By now you’ve probably read the story of Leo Traynor’s troll. The very short version: Leo, and later his wife, were stalked on the internet by a horrid troll; the horrid troll eventually started to leave horrid objects with messages at Leo’s house; The troll was baited and investigated by an IT expert who could identify him as a teenager that lived not far from Leo; Leo got in contact with the teen-troll’s parents, arranged a meeting, forgave him, and the troll seemed kinda sorry.
I think that’s a great story and I hereby doff my hat to Leo. But, I have two gripes I want to make. Well, one gripe about some of the commenters on Leo’s post, and the second, more of a question for Leo that may or may not be followed by a gripe.
When you look at the initial comments on Leo’s remarkable post, you find that there are people concerned that Leo has changed the definition of Troll. Well, actually, that might be true. There is a prior and more restrictive definition of a troll on the internet. However, much as the initial use of “troll” on the internet is incorrect because actual trolls live under bridges in fairy tales, the term has changed meaning to mean any kind of intentional and repeated asshatery by people who seem to have no other function in life but to be an asshat. There are all kinds of ways to be a troll. One of these ways is to be a concern troll. Perhaps, even, to be concerned over things like the definition of words and how they have changed.
Here’s the other, and more serious issue. This kid was horrid, as mentioned. Leo got off the hook by letting the kid know that he knows who he is. There will be no more trolling of leo by this kid.

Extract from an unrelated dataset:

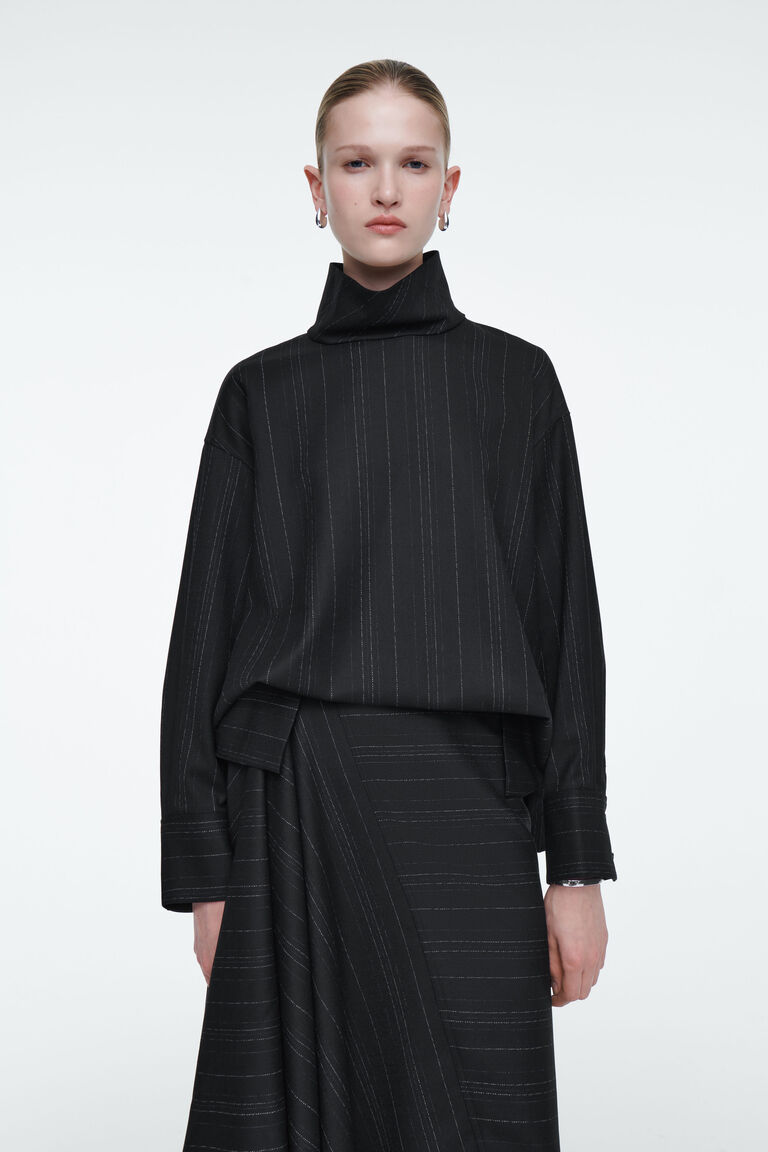 PINSTRIPED FUNNEL-NECK BLOUSE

But what about the kid’s other victims? Do we really believe, or more to the point, do we know with certainty, that there are no other victims? The kid’s parents were chomping at the bit to bring in the police, that’s how mortified and horrified they were. My suggestion may have been to do just that. At least, in the case of American law (and this may not be the case in Ireland) Leo would probably have a strong influence on whether or not charges were advanced assuming that he and his wife were the only victims. If the cops were called in (and I’m not a big fan of automatically calling in the cops, what with the whole Police State thing they’ve got going and all that), they could have investigated further to determine if there were other victims. Maybe this kid’s trollish attacks had an even worse effect on others. Maybe some of his objects and notes left at other homes were on fire or in some other way physically harmful. This kid’s treatment of Leo and his family was so bad that I for one am not comfortable with the idea of having a sit down with him and then assuming that there no other victims, that there are no people out there who don’t need help, who don’t need to be told that it was just some punk teenager and he’s been found out.
So, that’s why I ask: Did Leo Traynor’s Troll Have Other Victims? Anybody know? If we don’t know for certain that the answer is no, then I object to Leo’s approach here, as squichy feely goody oody as it seems when you first read about it.
Meanwhile there is this:
That is the facebook page of Corey James Baldridge. He is an internet troll who is stupid enough to use his real name. Here is an example of his trolling:
I am not sure if Corey James Baldridge is aware of the fact that in the future potential employers will be searching his name on the internet. When I hear from the people he offended that he’s sincerely apologized, of course, I’ll remove all this and they won’t find it. Otherwise, this info is up for grabs.